During the first year of Westside Preparatory School, Marva took in learning disabled, problem children and even one child who had been labeled by Chicago public school authorities as borderline retarded.
Over the years, she continued to take in children labeled as dyslexics and every other kind of learning or behavioral disability. These children were often classified as “hopeless” by other teachers.
But Marva is different; she knew Johann Wolfgang von Goethe’s quote.
She was very clear about her mission as an educator: she wants to touch the lives of children. She has an unshakable belief that she could impact the children for good.
She decided that the problem was not the children but they way they were taught. She would say:
"Don't try to fix the students, fix ourselves first. The good teacher makes the poor student good and the good student superior. When our students fail, we, as teachers, too, have failed."
So she attempted a radical method of teaching that would not only be challenging for the students, but it would instill a belief in them.
She threw out all the old books, and taught Shakespeare, Sophocles and other classical literature materials. Nobody believed the kids could understand such deep materials. Frankly even I have difficulty understanding them and I was in high school!
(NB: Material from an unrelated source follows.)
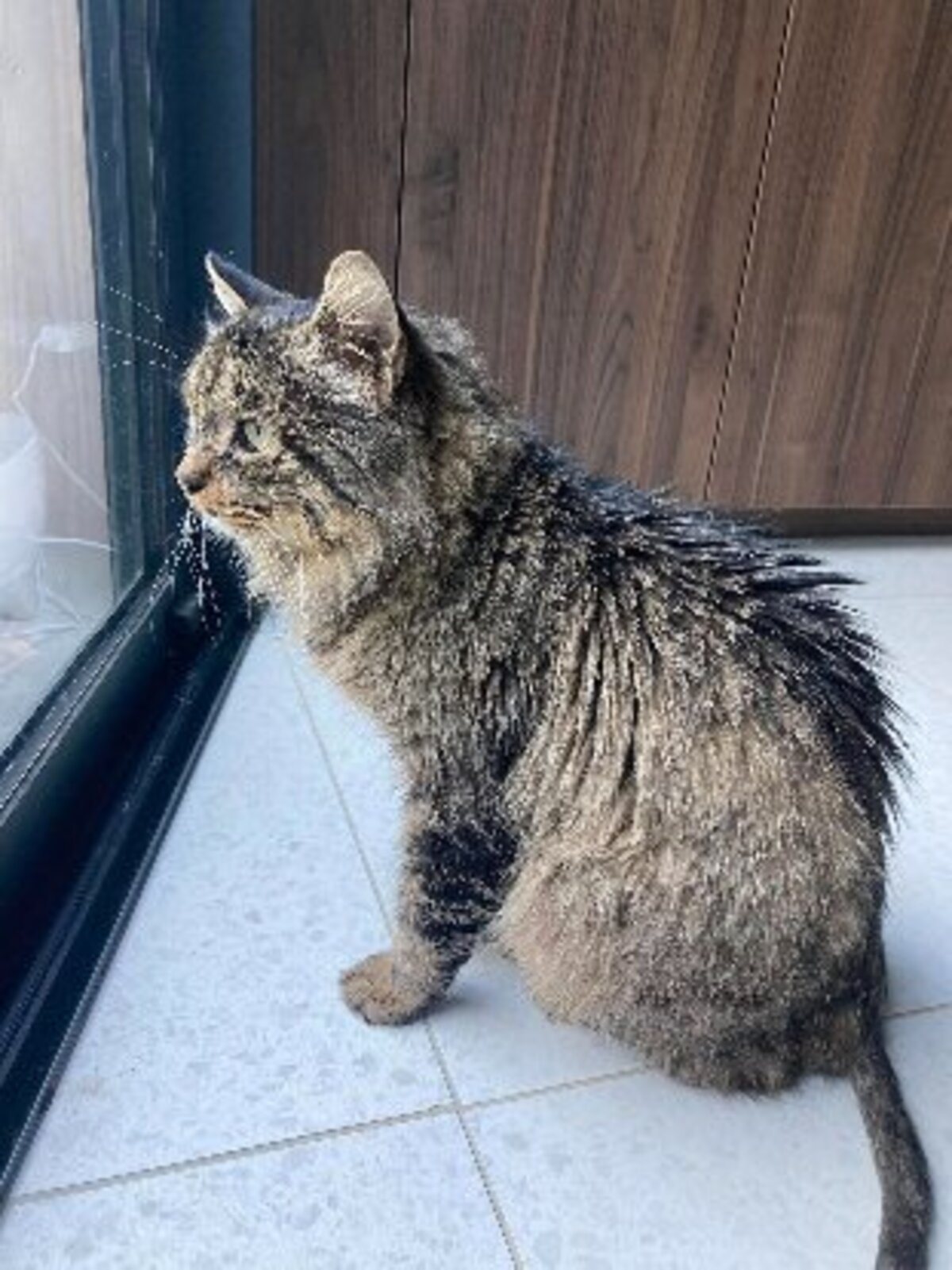 Adoption Brigand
But Marva was determined. She would communicate the lessons passionately, and would constantly engage and challenge the child’s naturally inquisitive mind. Despite the children’s young age, Marva’s students not only understood the material, they loved it and wanted more!
And the results showed for themselves.
The same little girl who had been labeled as border line retarded, graduated Summa Cum Laude from college in 1976. Many of Marva’s graduates went on to the nation’s finest colleges, places like Harvard, Yale, and Stanford, to mention just a few.
Marva once wrote, "I have discovered few learning disabled students in my decades of teaching. I have, however, discovered many, many victims of teaching inabilities."
Marva’s story touched the lives of many people. She proved the barriers of education are predominantly self-imposed. She also proved that the potential of young children is essentially unlimited until we place a limit on them.
Other Marva’s Collins quotes:
- "There is a brilliant child locked inside every student."
- "The essence of teaching is to make learning contagious, to have one idea spark another."
- "Once teachers try the Socratic, or direct method of teaching, they will never return to anything that cannot produce the 'magic.'"
- "Success doesn't come to you... you go to it."
- "Excellence is not an act but a habit. The things you do the most are the things you will do best."
- "Trust yourself. Think for yourself. Act for yourself. Speak for yourself. Be yourself. Imitation is suicide."
- "Determination and perseverance move the world; thinking that others will do it for you is a sure way to fail."
- "Character is what you know you are, not what others think you have."